At a time when most college kids are still hours away from hitting the snooze button, a handful of Fort Lewis College students are straggling into the Chapman Hill ice arena. Sporting oversized duffel bags, disheveled hair and razor stubble, they suit up into their hockey gear without much to-do. Perhaps this is because hockey is a tough sport - maybe a 5:30 a.m. wake-up call is no big deal in comparison. Or maybe the stoicism stems from the knowledge that, despite the ungodly hour, they are skating into history as the school's first hockey team.

"I was lying in bed asking, Should I go?'And why am I doing this?'" said senior James Temte, of Wyoming, as he taped up his socks. "But then I remembered."

Fellow senior Dave Herbst, of Austin, Texas, said it's the first step that's the hardest.

"It's not bad once you get out of bed," he said.

Although officially called a club, as required by the college during a sport's inaugural year, the team has already amassed around 15 players, almost enough for three strings. It is registered as a Division III school with the American Collegiate Hockey Association, and its 12-game season includes bouts against University of New Mexico, Western State College, University of Colorado and the Colorado School of Mines.

"They're pretty dedicated kids and pretty excited to get this team," said Barb Richter, an assistant coach. "Students have tried for several years to get a hockey team."

Richter, who comes from a speed-skating background and plays hockey with the city's rec league, was instrumental in getting the club off the ground.

"I knew from being around the kids that they were trying to get the club going but didn't have a lot of luck, so I told them I'd help out," she said.

Earlier this fall, Richter attended the school's club fair, where she set up a table and solicited new members.

"I wore a hockey jersey," said Richter. "By the end of the day, I had 40 kids' names and phone numbers."

That was the easy part.

Being a club sport in its first year, the team does not receive any funding from the school. As a result, the team is forced to come up with its own money to cover costs such as uniforms, referees, ice time and travel. According to Richter, the team's budget for the upcoming season (which begins in January) is close to $15,000. Although each player must come up with $400 out of his own pocket, this still leaves a deficit of about $9,000, which must be earned through fund raising.

"It's intimidating to the kids, trying to figure out how to get $15,000," said Richter.

Fortunately, Richter, a personal trainer who easily clears 6 feet in her hockey skates, said she is undaunted.

"I've started businesses, so raising the money doesn't scare me," she said.

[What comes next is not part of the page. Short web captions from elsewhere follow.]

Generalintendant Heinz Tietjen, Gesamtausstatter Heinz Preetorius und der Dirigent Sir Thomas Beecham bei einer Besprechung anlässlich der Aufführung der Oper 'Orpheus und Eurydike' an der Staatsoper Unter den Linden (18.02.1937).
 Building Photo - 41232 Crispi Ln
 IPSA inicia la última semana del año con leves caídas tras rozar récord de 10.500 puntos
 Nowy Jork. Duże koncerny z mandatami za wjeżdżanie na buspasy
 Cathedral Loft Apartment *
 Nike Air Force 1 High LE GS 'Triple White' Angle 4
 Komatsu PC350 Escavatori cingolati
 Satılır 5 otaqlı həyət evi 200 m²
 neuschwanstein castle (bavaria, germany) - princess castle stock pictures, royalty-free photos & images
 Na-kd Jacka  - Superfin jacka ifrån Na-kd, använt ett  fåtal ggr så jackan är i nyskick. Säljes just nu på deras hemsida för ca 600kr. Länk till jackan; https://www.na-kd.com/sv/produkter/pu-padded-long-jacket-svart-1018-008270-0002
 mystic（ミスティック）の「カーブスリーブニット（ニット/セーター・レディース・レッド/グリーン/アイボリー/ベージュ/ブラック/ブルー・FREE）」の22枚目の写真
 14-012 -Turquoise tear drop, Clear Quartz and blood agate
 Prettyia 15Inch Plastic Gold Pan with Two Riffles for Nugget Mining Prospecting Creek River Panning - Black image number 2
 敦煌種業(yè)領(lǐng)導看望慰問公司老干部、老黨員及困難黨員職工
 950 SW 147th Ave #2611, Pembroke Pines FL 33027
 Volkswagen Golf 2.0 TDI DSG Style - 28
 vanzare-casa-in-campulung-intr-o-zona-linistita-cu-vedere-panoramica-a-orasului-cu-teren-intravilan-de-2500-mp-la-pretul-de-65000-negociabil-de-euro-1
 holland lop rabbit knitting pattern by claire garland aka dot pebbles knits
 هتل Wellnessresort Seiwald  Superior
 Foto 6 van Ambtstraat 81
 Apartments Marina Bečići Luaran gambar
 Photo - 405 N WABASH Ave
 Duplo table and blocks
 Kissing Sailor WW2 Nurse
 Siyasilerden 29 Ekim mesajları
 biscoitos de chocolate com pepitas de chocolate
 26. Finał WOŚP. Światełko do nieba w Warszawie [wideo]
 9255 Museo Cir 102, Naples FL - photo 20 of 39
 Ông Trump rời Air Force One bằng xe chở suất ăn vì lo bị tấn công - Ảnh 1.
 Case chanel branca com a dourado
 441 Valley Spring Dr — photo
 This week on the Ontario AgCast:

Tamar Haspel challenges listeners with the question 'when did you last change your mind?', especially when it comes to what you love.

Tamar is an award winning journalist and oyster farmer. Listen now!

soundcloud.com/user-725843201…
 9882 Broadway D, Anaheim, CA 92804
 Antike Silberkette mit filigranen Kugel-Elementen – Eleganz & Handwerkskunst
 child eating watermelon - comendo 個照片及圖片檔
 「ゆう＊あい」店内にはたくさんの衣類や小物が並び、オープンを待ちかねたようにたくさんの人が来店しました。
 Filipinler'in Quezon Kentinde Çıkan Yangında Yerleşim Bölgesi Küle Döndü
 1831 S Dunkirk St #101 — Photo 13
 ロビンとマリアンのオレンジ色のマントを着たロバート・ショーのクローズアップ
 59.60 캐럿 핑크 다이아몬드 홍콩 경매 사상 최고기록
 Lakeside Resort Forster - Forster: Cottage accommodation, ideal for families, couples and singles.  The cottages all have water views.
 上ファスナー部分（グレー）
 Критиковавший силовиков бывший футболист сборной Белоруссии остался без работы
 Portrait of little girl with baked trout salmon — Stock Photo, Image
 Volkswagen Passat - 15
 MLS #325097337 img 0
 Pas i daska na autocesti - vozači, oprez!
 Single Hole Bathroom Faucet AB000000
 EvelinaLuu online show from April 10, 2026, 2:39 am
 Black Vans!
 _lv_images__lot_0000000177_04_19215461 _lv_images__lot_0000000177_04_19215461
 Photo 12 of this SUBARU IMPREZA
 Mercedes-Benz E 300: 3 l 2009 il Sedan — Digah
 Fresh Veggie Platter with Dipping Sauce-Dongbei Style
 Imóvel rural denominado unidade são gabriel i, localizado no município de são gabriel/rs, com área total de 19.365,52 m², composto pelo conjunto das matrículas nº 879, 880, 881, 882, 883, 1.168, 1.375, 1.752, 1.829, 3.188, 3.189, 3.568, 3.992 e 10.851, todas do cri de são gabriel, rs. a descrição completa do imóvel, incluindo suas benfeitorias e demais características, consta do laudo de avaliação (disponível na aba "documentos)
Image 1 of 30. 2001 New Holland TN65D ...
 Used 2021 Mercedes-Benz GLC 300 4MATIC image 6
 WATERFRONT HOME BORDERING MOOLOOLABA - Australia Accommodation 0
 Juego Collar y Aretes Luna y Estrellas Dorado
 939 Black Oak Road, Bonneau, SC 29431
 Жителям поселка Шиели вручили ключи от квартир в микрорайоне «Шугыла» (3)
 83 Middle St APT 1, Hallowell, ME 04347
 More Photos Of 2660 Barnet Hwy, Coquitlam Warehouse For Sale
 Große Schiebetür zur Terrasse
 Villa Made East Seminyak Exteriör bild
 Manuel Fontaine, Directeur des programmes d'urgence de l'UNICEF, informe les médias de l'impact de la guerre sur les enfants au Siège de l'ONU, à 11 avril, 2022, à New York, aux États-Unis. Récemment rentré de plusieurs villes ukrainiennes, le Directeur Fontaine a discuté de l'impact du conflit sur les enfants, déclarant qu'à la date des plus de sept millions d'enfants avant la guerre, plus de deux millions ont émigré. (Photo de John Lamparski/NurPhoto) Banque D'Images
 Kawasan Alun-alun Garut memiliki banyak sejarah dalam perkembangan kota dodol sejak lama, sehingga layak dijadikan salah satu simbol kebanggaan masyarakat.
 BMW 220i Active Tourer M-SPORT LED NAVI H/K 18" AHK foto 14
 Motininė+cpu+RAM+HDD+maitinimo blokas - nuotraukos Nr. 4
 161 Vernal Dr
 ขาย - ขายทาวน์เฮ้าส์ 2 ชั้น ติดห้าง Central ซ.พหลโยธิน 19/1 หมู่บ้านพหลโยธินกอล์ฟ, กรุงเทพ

To help defray the costs, the team has scheduled several fund-raisers, including a silent auction before its first home game on Jan. 23 against UNM. It also is planning on selling FLC Hockey T-shirts, sweats and hats and a hockey school for next fall is in the works.

Richter said she took a lot of cues on getting going from her friend and FLC cycling coach, Rick Crawford, who holds a similar camp to help raise money for the cycling club.

Head Coach Stan Schler, who coached hockey for several years in the Denver area before moving to Durango, said he realizes the first year will be difficult, but he is optimistic.

"It's kind of tough with a new team because you've got to pay to play," he said. "But it's going to turn out to be a good thing. I'm happy with the caliber, and the guys' attitudes seem good."

And with any luck, the team will return next year with some financial backing from the school, a full schedule of 19-20 games and possibly a berth in the play-offs.

"We're hoping to be good enough to go to Nationals," said Richter. "Some of the players are pretty darn good; some have played at this level before."

Of course, with a full season and playoffs in the picture, she expects the budget to increase accordingly.

"It could easily be doubled next year," she said.

For now, though, the team is focusing on the season at hand and possibly getting that 6 a.m. practice moved to a more reasonable - but expensive - time slot. But regardless of what time they practice, Richter said the enthusiasm is always there.

"It's so fun to work with them because they are so excited," she said, adding that the feeling is contagious. "I feel like a hockey mom."